What the task asks - In the entries below, find the line with "OREI 8K@60Hz 48Gbps", then set it down exactly along with each line after it to the end, skipping any pictures.

Dataset items
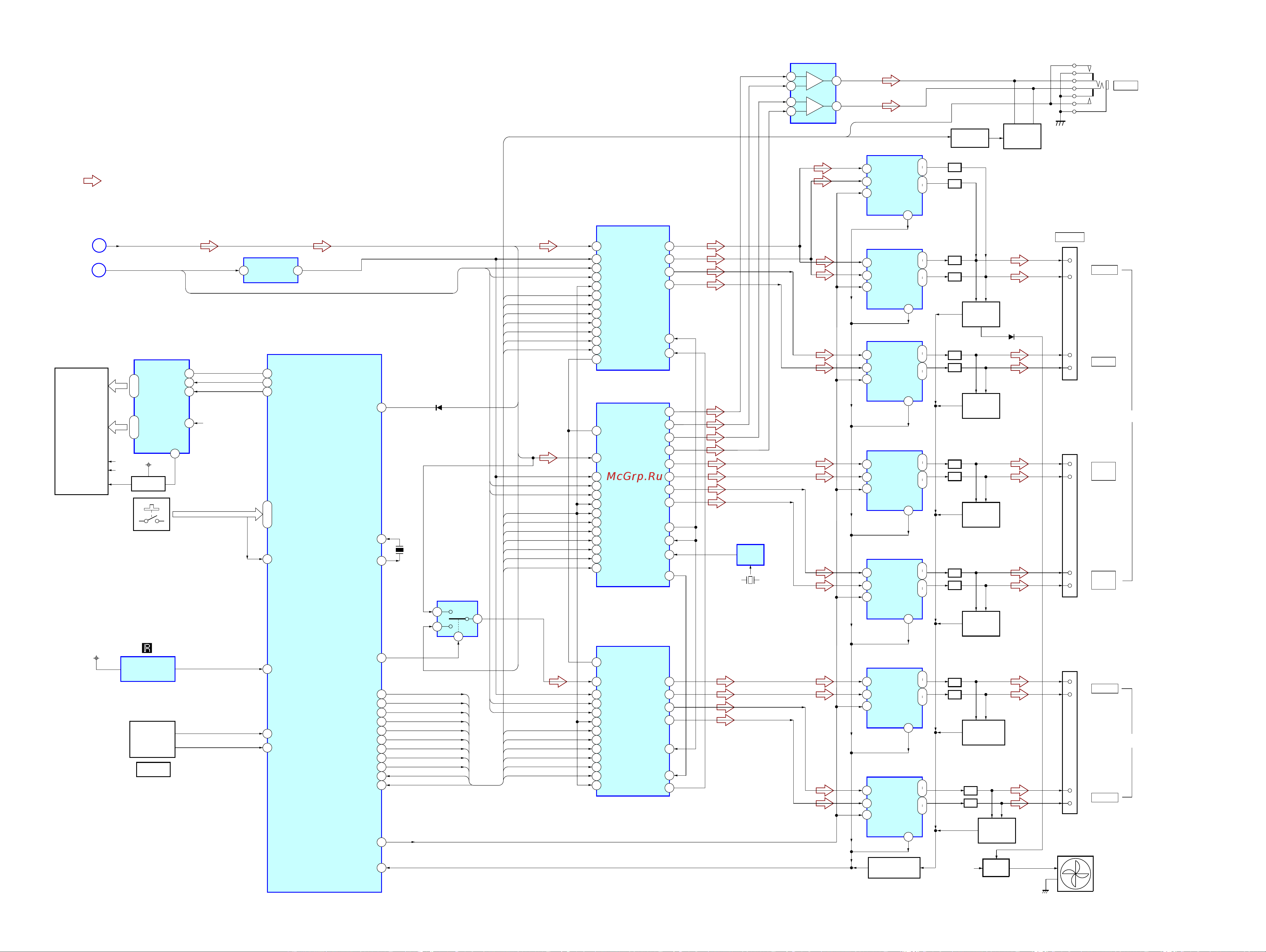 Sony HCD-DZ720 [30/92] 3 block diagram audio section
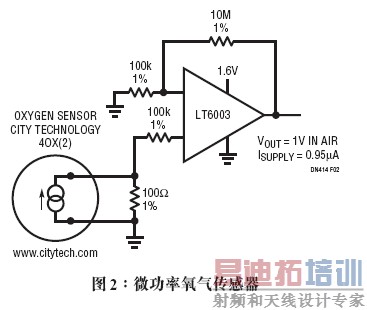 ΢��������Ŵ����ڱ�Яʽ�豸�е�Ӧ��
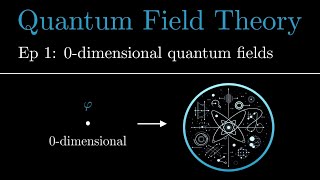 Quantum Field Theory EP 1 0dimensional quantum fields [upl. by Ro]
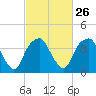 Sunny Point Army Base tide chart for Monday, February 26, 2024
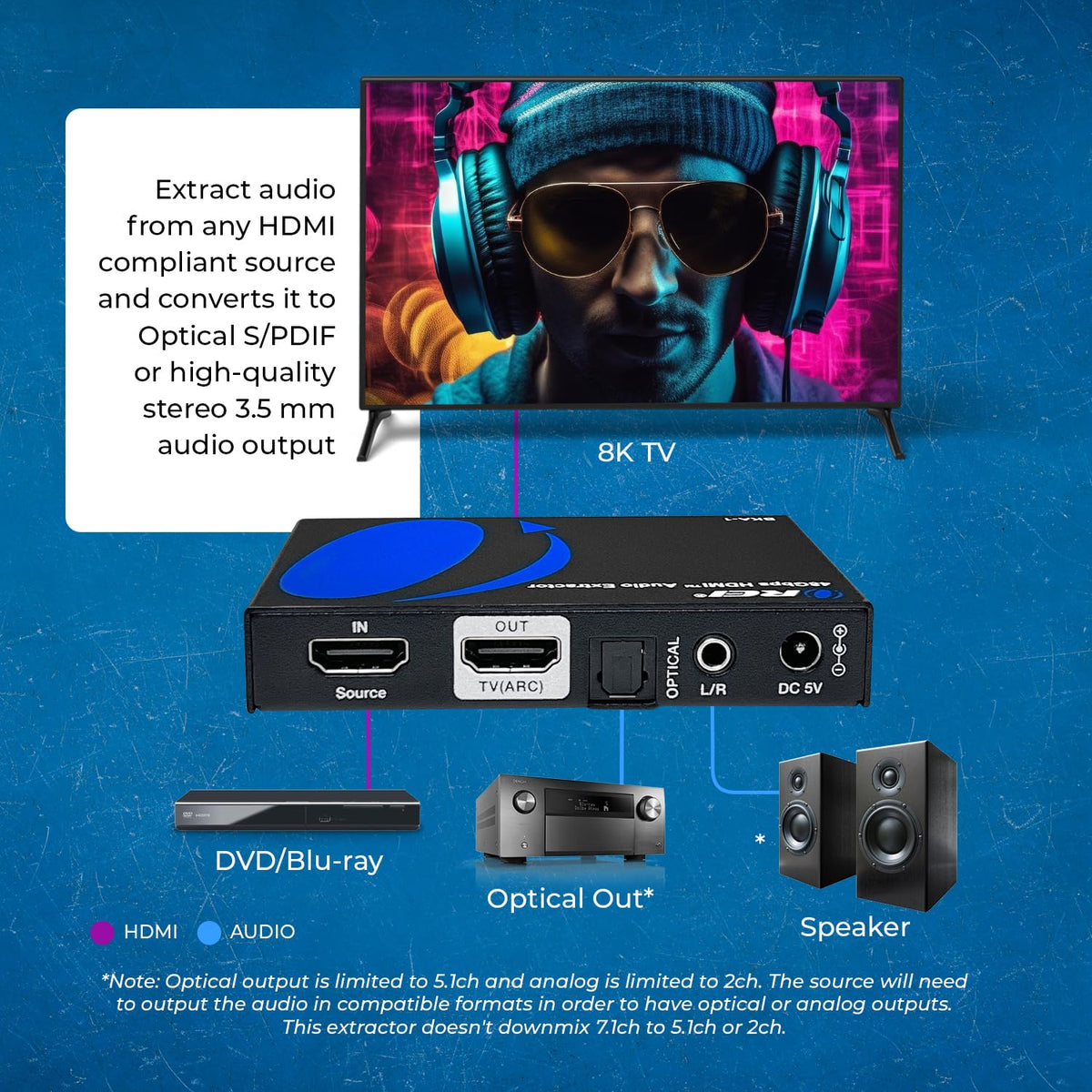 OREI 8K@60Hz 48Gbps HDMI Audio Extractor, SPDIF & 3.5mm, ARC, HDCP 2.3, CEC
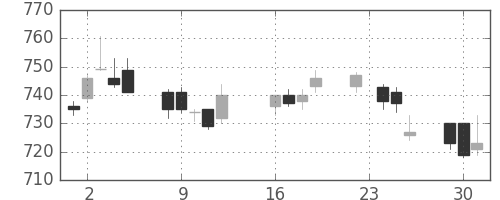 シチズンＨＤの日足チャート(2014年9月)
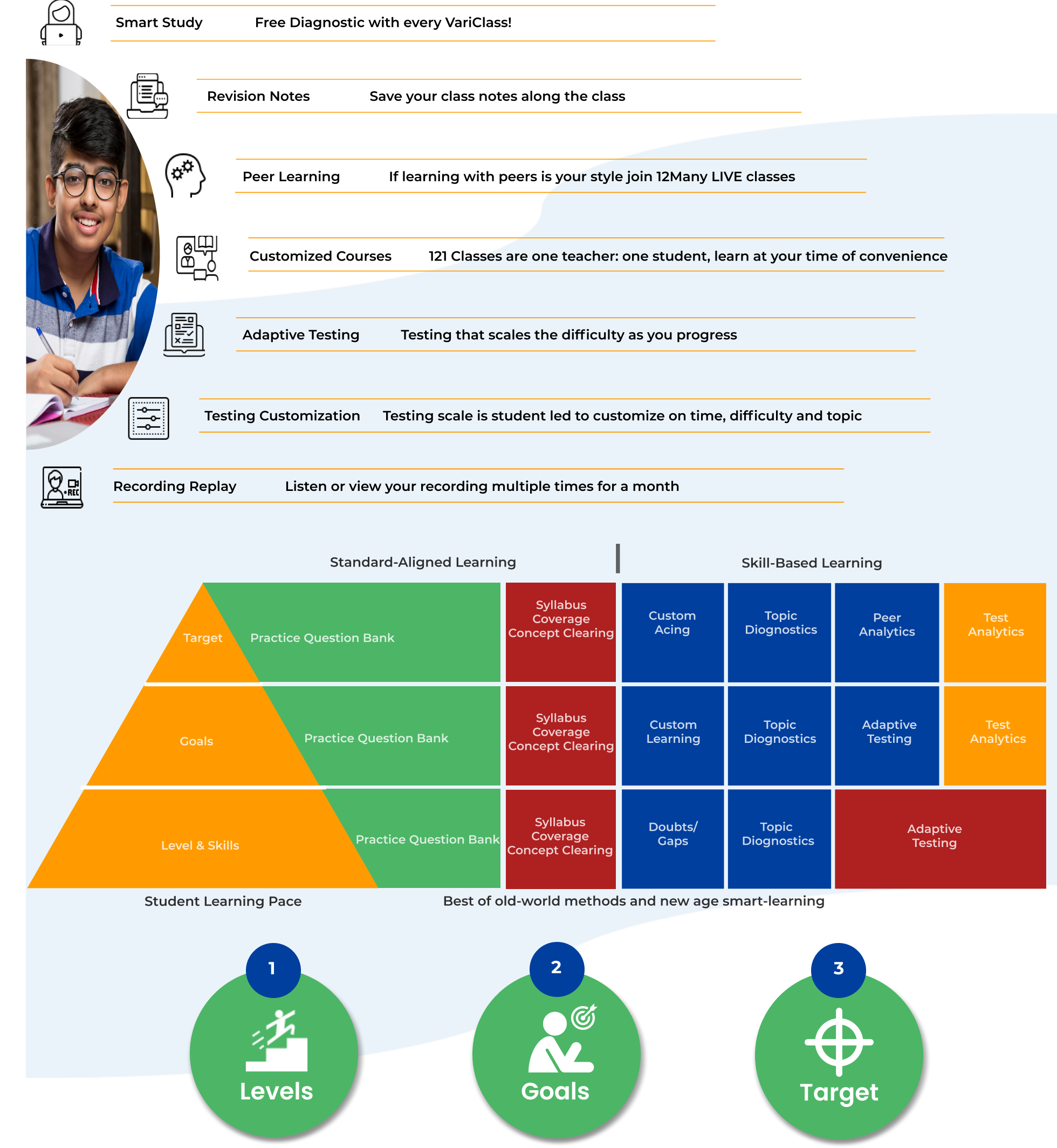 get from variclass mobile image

Your solution -
 OREI 8K@60Hz 48Gbps HDMI Audio Extractor, SPDIF & 3.5mm, ARC, HDCP 2.3, CEC
 シチズンＨＤの日足チャート(2014年9月)
 get from variclass mobile image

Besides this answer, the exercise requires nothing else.